Tactile Caliper MIT (1)

Source: Squirrel Devices

Education is everyone’s right, but everyone has their limitations. Scientists and inventors have always worked on ways to enable people to see beyond their physical limitations. Learning for the visually impaired through Braille was introduced in the 19th century and has been a successful medium since. The blind people go through the early education with comparative ease, but higher education, particularly in the STEM fields, is a tad bit more complicated. This becomes a reason for them to push back even though they are mentally very capable of performing brilliantly in the field. To make it fair, MIT graduates have invented a tactile caliper so that the visually impaired can also use measuring tools.

All of the STEM fields require rigorous laboratory work that almost always involves the use of measuring instruments. The blind people who walk into these fields may have brilliant problem-solving skills, but in order to approach a solution, it often requires simple tasks that their vision inhibits them from performing. This will change with the tactile caliper invented by the MIT graduates.

Source: Pranay Jain

Pranay Jain and Anshul Singhal are Ph.D. candidates at the Massachusetts Institute of Technology who are responsible for developing Squirrel Devices. The tools have imprinted Braille measurements and are meant for secondary level students who are either blind or have low-vision (BLV). These can help them obtain dimensions of geometrical shapes.
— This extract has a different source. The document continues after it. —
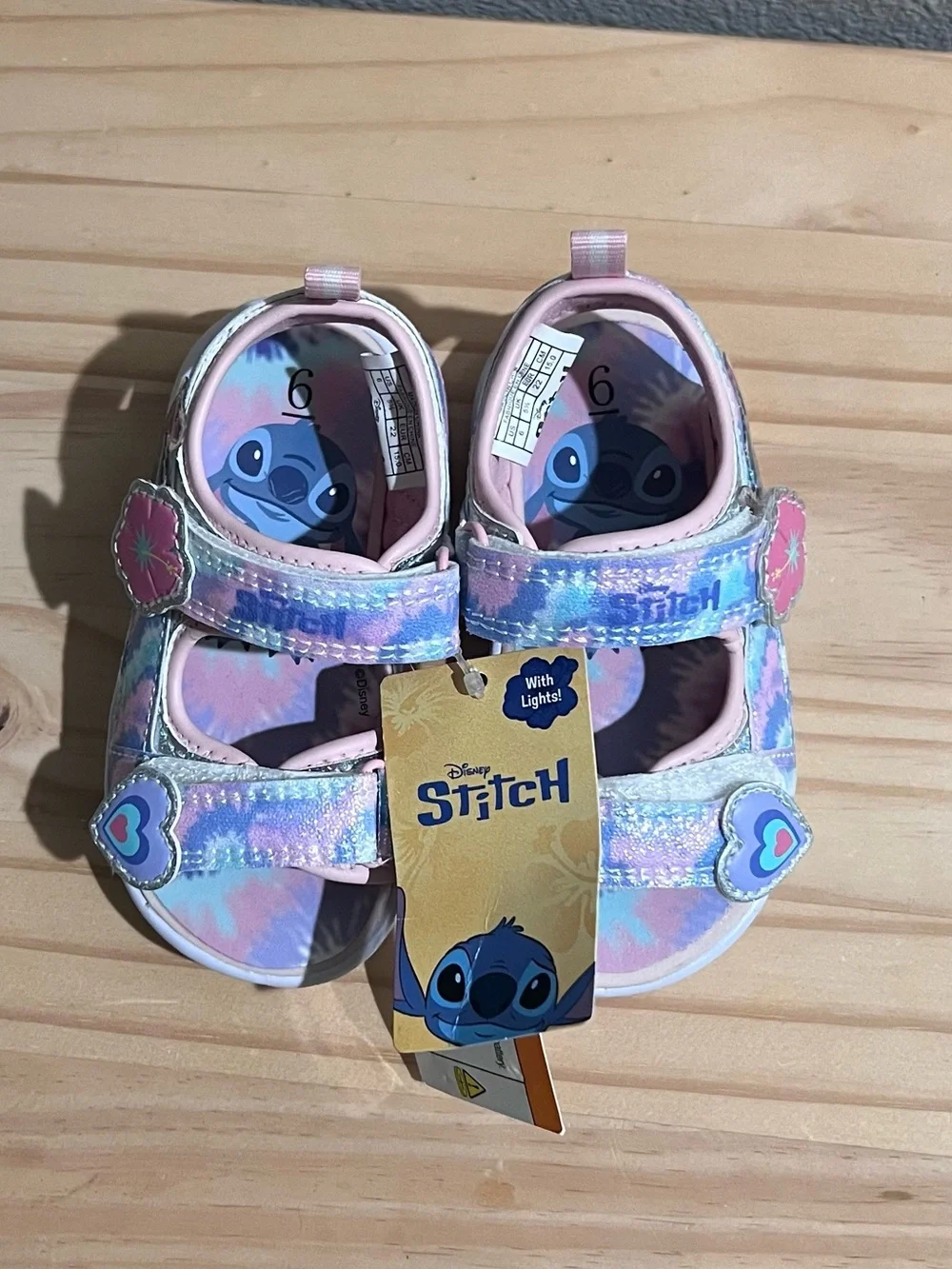 NWT Disney Lilo & Stitch Light Up Kids Sandals Adjustable Velcro Straps Size 6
Both Jain and Singhal had worked on a project called Refreshable Braille Display in their undergraduate degrees where they learned that the device color made a difference to BLV students, so the first set that they developed was bright yellow.

The caliper has a precision of 1/16 of an inch which is four times as much as that of ordinary rulers. The caliper is available only for inches measurement at the moment, but the metric one is under production. The cost is something between $18 to $30, and it measures a maximum of 12 inches or 30 centimeters.

Source: Squirrel Devices

Some students have requested for talking instruments that can read out the readings, but the duo is bent on creating a system that is not costly and will not be affected by any electrical faults.

The calipers may not be a high-tech system, but they serve their required purpose well. The applications of the tool are beyond STEM fields, and the team is working to develop a whole line of Braille measuring instruments. The next on the list in a Tactile Protractor. The mission is to help people see and learn beyond their disabilities to prove that they are equally capable.